### What the task asks
The answer must be the lines from the one containing "Feedlot Beef Central" through the last line of the data below, copied exactly, with nothing else.

### Provided data

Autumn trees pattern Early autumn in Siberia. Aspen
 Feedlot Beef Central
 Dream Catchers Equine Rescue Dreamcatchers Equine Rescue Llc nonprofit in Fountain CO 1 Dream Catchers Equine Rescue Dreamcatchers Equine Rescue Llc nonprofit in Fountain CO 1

### Written response
 Feedlot Beef Central
 Dream Catchers Equine Rescue Dreamcatchers Equine Rescue Llc nonprofit in Fountain CO 1 Dream Catchers Equine Rescue Dreamcatchers Equine Rescue Llc nonprofit in Fountain CO 1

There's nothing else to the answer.